Essa não foi a única decisão técnica questionável do Tears for Fears. Recentemente, um You Tuber mostrou que o cantor Curt Smith também aderiu ao uso do Autotune ao vivo para corrigir sua afinação. O vídeo original desse You Tuber foi deletado, e lá podíamos ver uma comparação da versão de estúdio da música Everybody Wants to Rule the World versus uma versão ao vivo mais recente da mesma canção. Ficava claro na comparação que a voz tratada de Curt Smith pelo Autotune deixou seu timbre meio que robótico. Por outro lado, sua voz na versão original não demonstra nenhum problema grave de afinação, mas apenas as oscilações que são naturais a qualquer cantor.

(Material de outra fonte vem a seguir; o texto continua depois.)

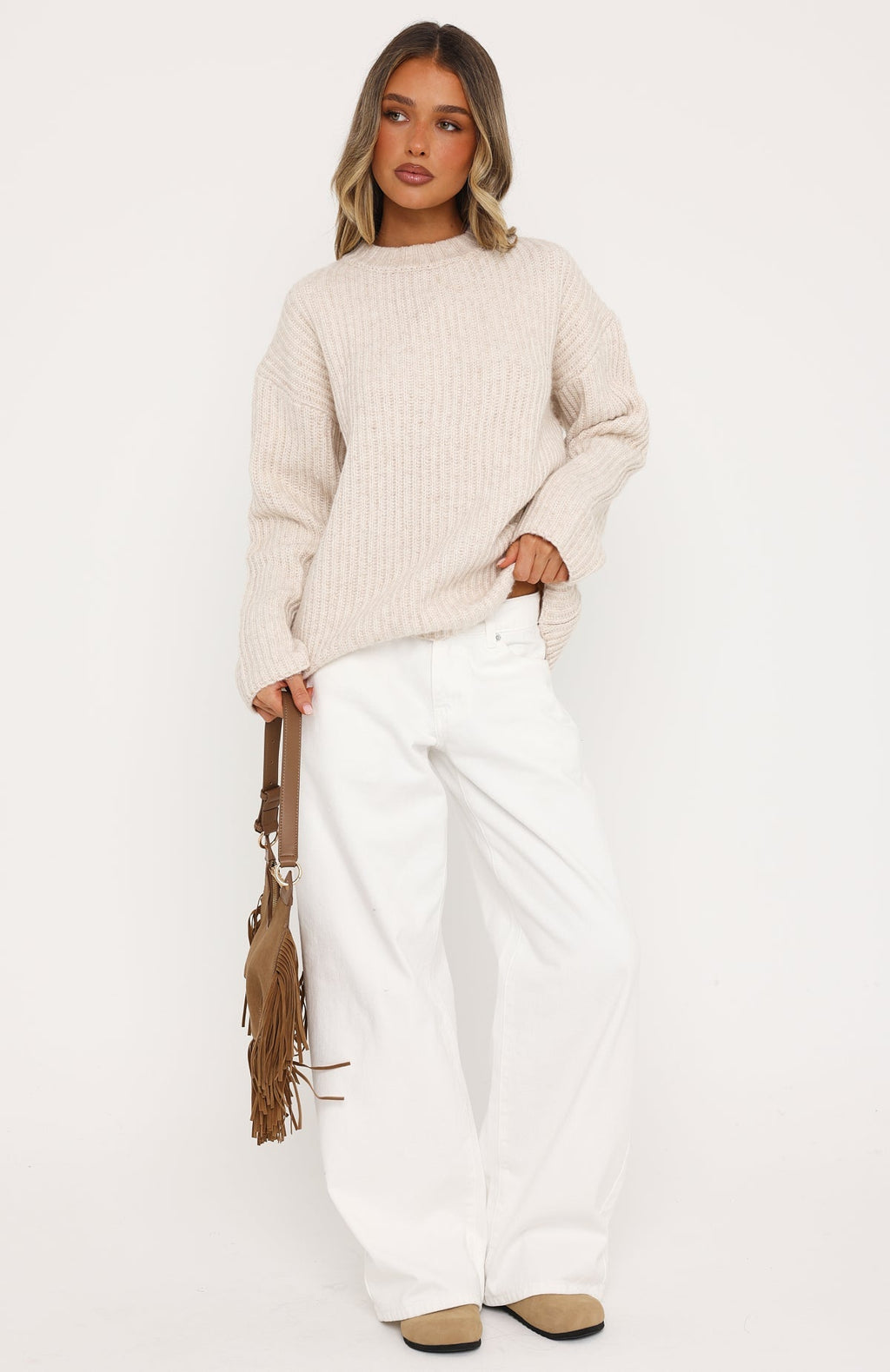 White Fox Lavinia Knit Sweater Oat Marle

É mais um caso da higienização sonora e seus fetiches por um som supostamente perfeito. Uma mentalidade perfeccionista de produtores e engenheiros de som dispostos a remover qualquer detalhe mínimo feito pela mão humana. Mesmo cantores de alta performance vão apresentar as chamadas “microafinações”, que são pequenas variações de altura (pitch) na voz cantada, algo que é natural e é parte fisiológica da performance vocal humana. Diferente de instrumentos eletrônicos que produzem notas com afinação fixa, a voz humana é um sistema orgânico, sujeito a variações sutis que ocorrem por diversos fatores: respiração, tensão muscular, emoção, acústica do ambiente e até a forma como o cantor articula uma vogal.
Essas flutuações não são erros, mas parte do que dá vida, expressividade e autenticidade a uma performance. Um cantor pode, por exemplo, intencionalmente deslizar entre notas (glissando), iniciar uma nota levemente abaixo ou acima e “cair” nela como um gesto estilístico, ou ainda fazer vibratos naturais, que são variações regulares e controladas de afinação. Tudo isso compõe o que chamamos de assinatura vocal. E é isso que os produtores contemporâneos “sem noção” querem higienizar.

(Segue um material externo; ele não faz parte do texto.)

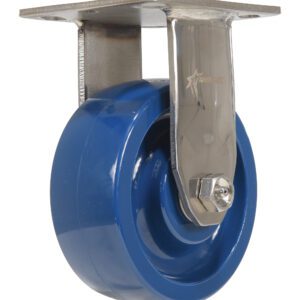 The Vestil 5X2 Solid Polyurethane (Spu) Rigid caster wheel boasts a glossy blue finish, securely attached for smooth movement. Its shiny metal bracket and mounting plate offer robust support and mobility, making it ideal for heavy-duty applications.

A versão original de Everybody Wants to Rule the World apresenta a voz de Smith com todas as suas características expressivas intactas: pequenas oscilações de afinação, respiração orgânica, e um vibrato humano e sutil. Corrigir isso artificialmente é como alisar a pincelada de um quadro impressionista: pode torná-lo mais "limpo", mas tira justamente o que o torna humano e tocante.

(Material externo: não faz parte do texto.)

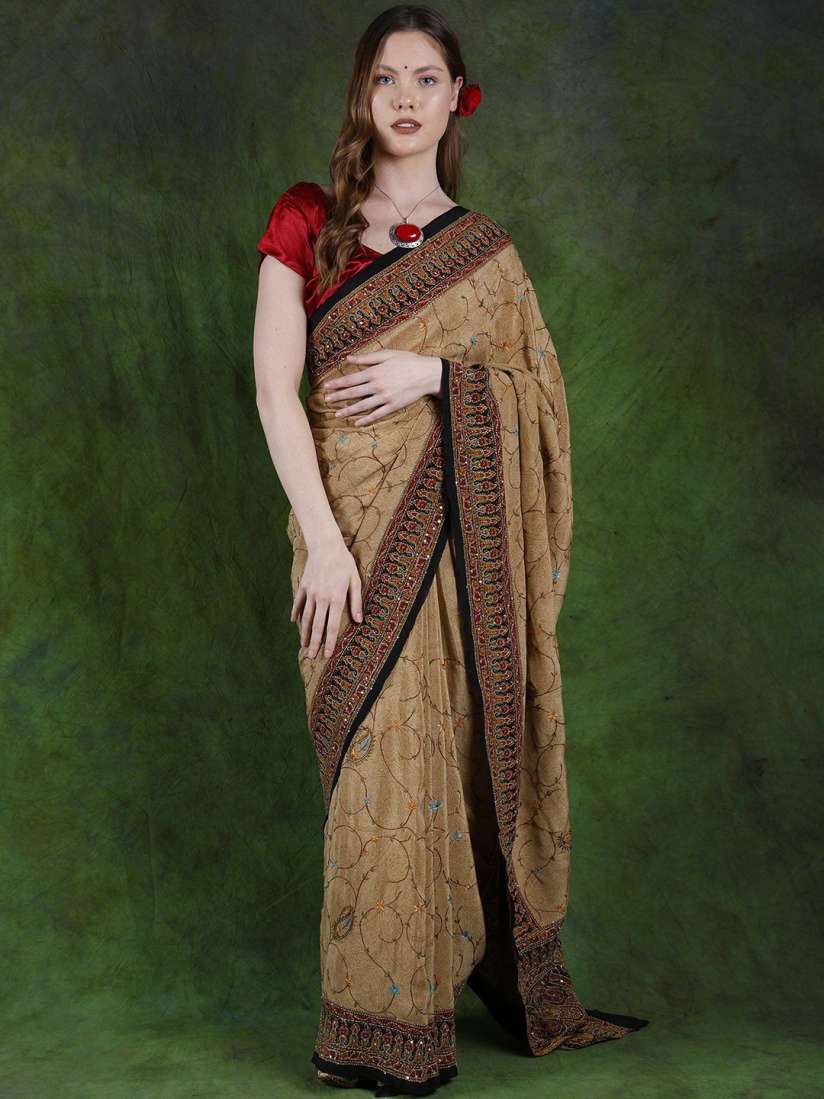 Buy Exotic India Pale Khaki Paisley Printed Crepe Saree with Kantha Embroidery Sequins Sarees for Women 30018386 Myntra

O ouvido humano, por natureza, reconhece e acolhe pequenas imperfeições como parte da expressão emocional e artística. Quando eliminamos isso com correções eletrônicas excessivas, perdemos parte da alma da performance. No caso da música dos Beatles, Now and Then, a expressividade de John Lennon não foi afetada pelo método de preservação, mas no caso da remasterização de Queen I ou da música dos Tears for Fears, talvez não tenham sido as melhores decisões.
No fim das contas, as IAs ou outras tecnologias oferecem recursos incríveis, mas o tiro pode sair pela culatra se a ferramenta for má-administrada. Afinal, nessa relação “homem-máquina”, a contribuição que nós humanos podemos oferecer envolve principalmente aquilo que chamamos de “bom senso”.